◆ THE PROBLEM ◆
Restate the listing word for word. Stop at the line that holds "Generic 150 marcatori", include it, and leave out all pictures.

"""

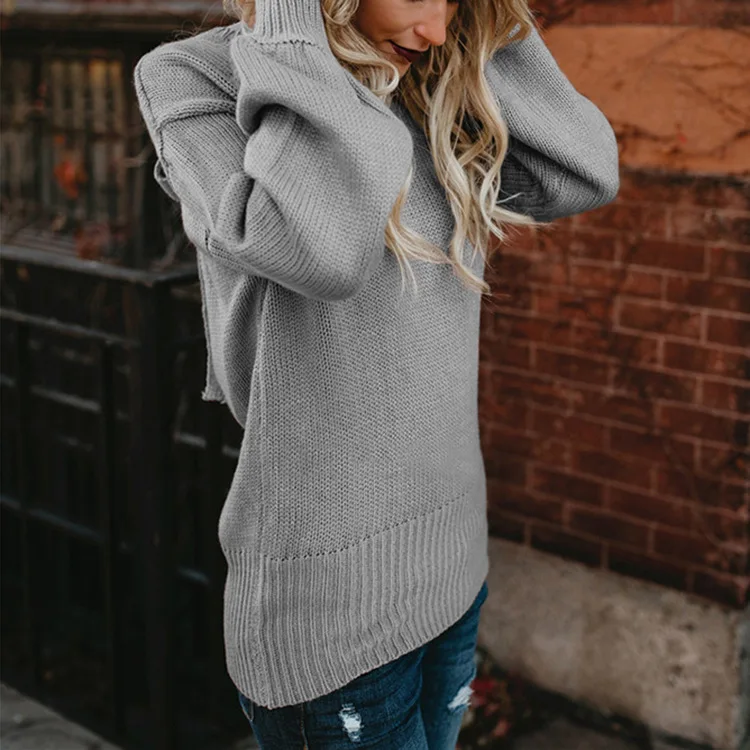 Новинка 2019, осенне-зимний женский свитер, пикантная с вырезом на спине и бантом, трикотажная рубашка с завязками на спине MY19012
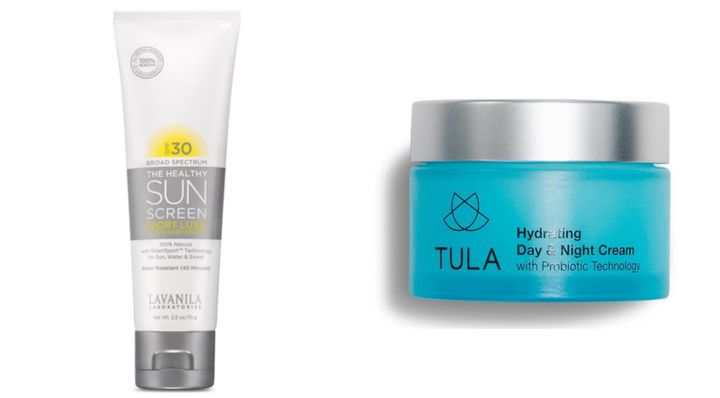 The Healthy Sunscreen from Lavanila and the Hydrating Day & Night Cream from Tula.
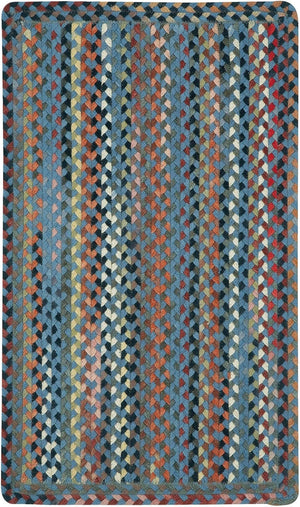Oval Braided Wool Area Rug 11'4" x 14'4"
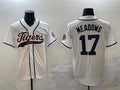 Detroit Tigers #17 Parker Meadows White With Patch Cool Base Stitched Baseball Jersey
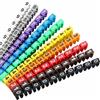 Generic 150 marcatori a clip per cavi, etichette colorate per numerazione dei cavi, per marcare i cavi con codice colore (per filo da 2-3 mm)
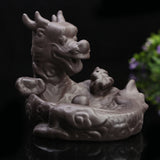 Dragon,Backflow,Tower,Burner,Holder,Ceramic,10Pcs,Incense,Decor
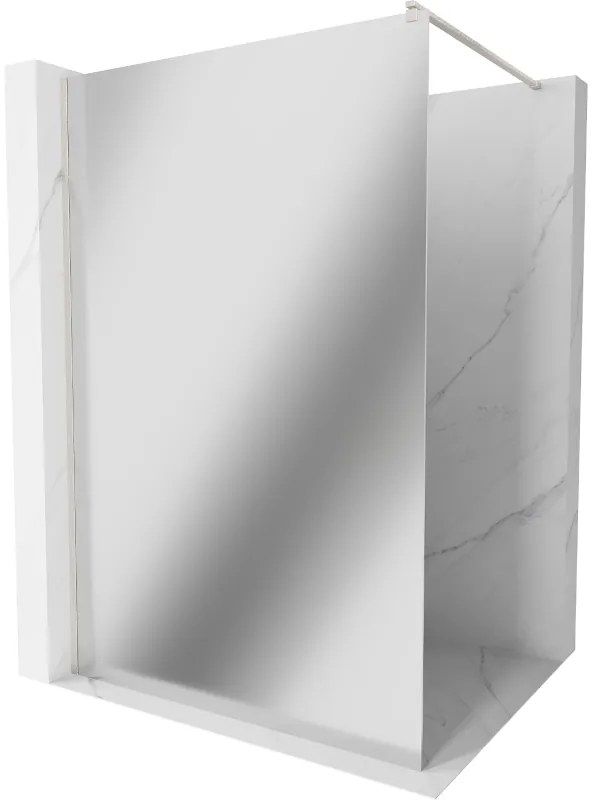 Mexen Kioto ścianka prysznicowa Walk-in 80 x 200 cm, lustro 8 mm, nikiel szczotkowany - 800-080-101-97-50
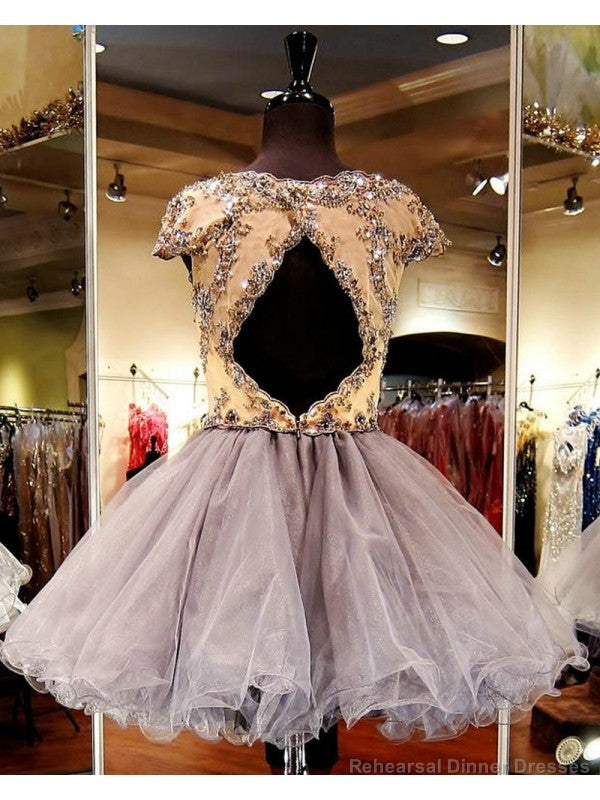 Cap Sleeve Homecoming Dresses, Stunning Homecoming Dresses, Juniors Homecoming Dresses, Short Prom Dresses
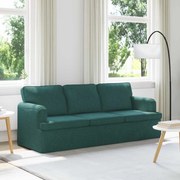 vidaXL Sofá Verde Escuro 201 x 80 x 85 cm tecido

"""

◆ FINAL ANSWER ◆
 Новинка 2019, осенне-зимний женский свитер, пикантная с вырезом на спине и бантом, трикотажная рубашка с завязками на спине MY19012
 The Healthy Sunscreen from Lavanila and the Hydrating Day & Night Cream from Tula.
Oval Braided Wool Area Rug 11'4" x 14'4"
 Detroit Tigers #17 Parker Meadows White With Patch Cool Base Stitched Baseball Jersey
 Generic 150 marcatori a clip per cavi, etichette colorate per numerazione dei cavi, per marcare i cavi con codice colore (per filo da 2-3 mm)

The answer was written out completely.